I was woken up this morning by my 3 year old daughter sitting on my neck and whispering "Daddy" in my ear. I was then gently showered with cotton buds from my bedside drawer. And another whisper, louder now, "Daddy". More cotton buds. Another night of sweet slumber comes to an end.
But it was OK, because my daughter was being adorable and 3. But imagine if she was 15 - worrying behaviour, wouldn't you say? A little eccentric? Childish certainly. I guess what you can get away with at 3 and it be delightful, doesn't really work when you're older.
There is a reason for my strange trajectory (in case you were getting worried about my eccentricity).
Recently, I've been engaging in a bit of debate with some of the teenagers ('Faith' in particular) around White Stone about how much you can get away with childish behaviour when you're a teenager. At one point I publically made a deliberately provocative statement that "we don't believe in teenagers".
This provoked a bit of a flutter, mainly in 'Faith's' blog and I posted a comment there to explain myself. For anyone who doesn't visit 'Faith's' blog, I thought I'd reproduce my comments here. (Apologies to those who have read the comment on 'Faith's' blog - you can stop reading here!)
OK, I'd better explain this whole teenagers thing. Here goes...
Sometimes I've heard people say things (I've even said them myself) like "Well, what can you expect from teenagers, they're bound to be selfish" and things like that. Excusing various things (selfishness, insensitivity, laziness etc.) on the grounds of teenagerness.
Now, on the one hand, this can be valid - adolescence can be a tough time which can lead to a certain amount of social awkwardness. BUT - and this is where my (now famous) comment comes in - being a "teenager" is actually rather a recent concept. The phrase was coined in the 1950s in America. "Teenagers" became a phenomenon at the same sort of time as the post-war rationing ceased and people were becoming more prosperous. Rather than having to grow up and become an adult, people at the age of 15, 16 were able to languish in a kind of in-between phase. So they listened to Elvis: youth culture was born. Teenagers (perhaps better called betweenagers) had arrived.
In the 60s and 70s the whole concept became so inbedded, that nowadays it's just taken for granted that there are teenagers and that you've got to expect them to be a bit childish and selfish at times (see Kevin the Teenager, the horrific creation of Harry Enfield...)
But for the vast vast vast majority of human history (and still in most places on earth today) you are a child and then you become an adult.
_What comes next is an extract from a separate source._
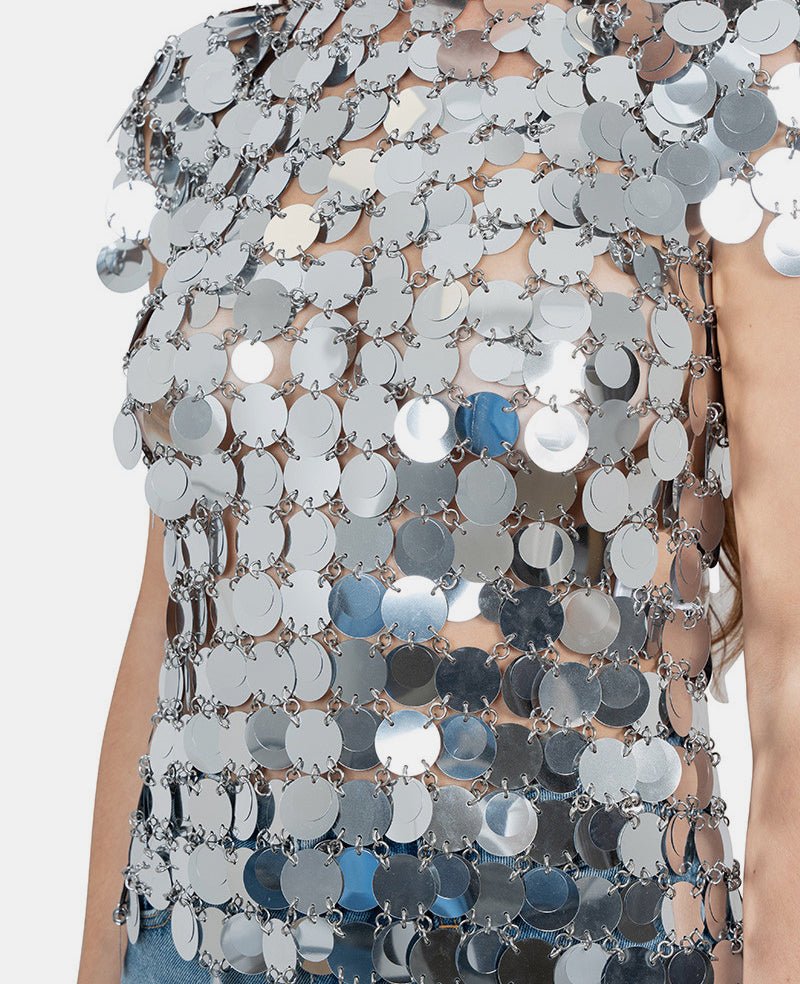 Top effet mirroir - Image 4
There simply wasn't/isn't a long, drawn out "teenage" phase. (In some cultures there is a "rite of passage" which may last six or seven weeks - hardly 7 years of selfishness!)
In most cultures the age of becoming adult was/is about 13. At this age, you took on adult responsibility.
Mary was probably about 13 or 14 when she gave birth to Jesus.
Now obviously, in our culture today we don't expect 13 year olds to become fully adult (I agree with the age of consent/marriage being 16 and so on) - BUT the downside of "protecting" young adults of 13-19 is that they can become some kind of childish adult: they want the respect that comes with responsibility - but they're not prepared to be responsible!
Please don't misunderstand: I really like people who are between the ages of 13 and 19. I was a secondary teacher for 7 years and one of the best aspects of my job was working with so many excellent young people.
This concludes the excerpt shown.